Xu Ang's debut a triumph in Rome

By Xu Fan ( China Daily ) Updated: 2014-12-25 07:26:43

Xu Ang's debut a triumph in Rome

Xu Ang's Twelve Citizens-an adaptation of 1957 US movie 12 Angry Men-won the best movie award at the Roman International Film Festival. Luca Dammicco / China Daily

A director's debut film resets a classic US courtroom drama in modern China, Xu Fan reports.

When Xu Ang held aloft the top award of the 9th Roman International Film Festival, the director had never expected this moment.

On Oct 25, the closing day of the event, more than 900 votes from moviegoers, including insiders and reporters, decided that the Marcus Aurelius Award, for the best movie in the festival, should go to the legal drama Twelve Citizens. It was Xu's debut film.

No other Chinese film has ever won that glory, though other nominated films included the disaster epic 1942 (directed by Feng Xiaogang) and romantic drama Life Is a Miracle (starring Zhang Ziyi and Aaron Kwok).

At age 36, the youngest director in Beijing People's Theater seems a humble man who prefers to keep a low profile.

In a small cafe in eastern Beijing, Xu says: "When we decided to shoot the movie, we had no commercial considerations or plans to compete for international prizes. So winning the award in Rome was an unexpected surprise."

Twelve Citizens, adapted from the 1957 American drama 12 Angry Men, tells the story of a court composed of 12 Chinese people from different walks of life.
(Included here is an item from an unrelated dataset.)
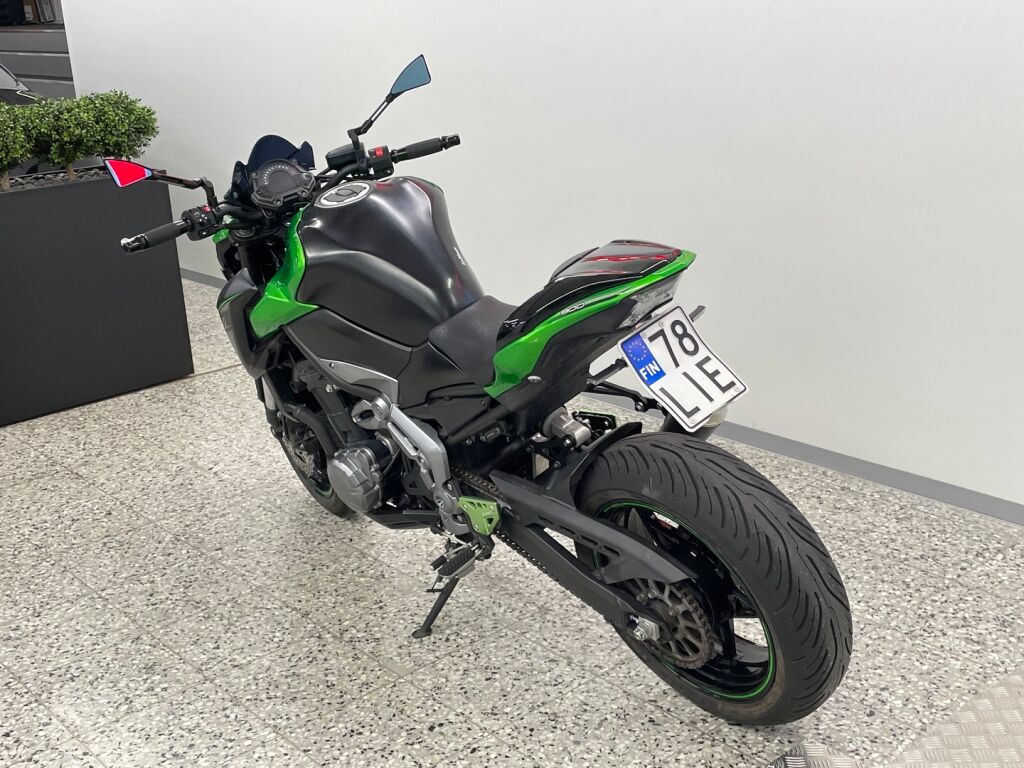 Kawasaki Z 2019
In an abandoned gymnasium, their discussion and votes will decide the fate of a young suspect who is charged with murdering his father.

The American movie, which starred Henry Fonda, swept a slew of major film honors.

The first attempt to transpose the Western legal system onto the Chinese big screen was much acclaimed.

Marco Mueller, the festival's director, says he has never before watched an ensemble production that reflects the real China, adding that it was a good adaptation of a classic production.

Serge Losique, Montreal International Film Festival director, reveals that he had watched the Chinese remake earlier than the premiere in Rome when it was still in the post-production stage. He observes that the social conflict between the rich and the poor portrayed in the movie is an accurate depiction of the reality in the fast-changing country.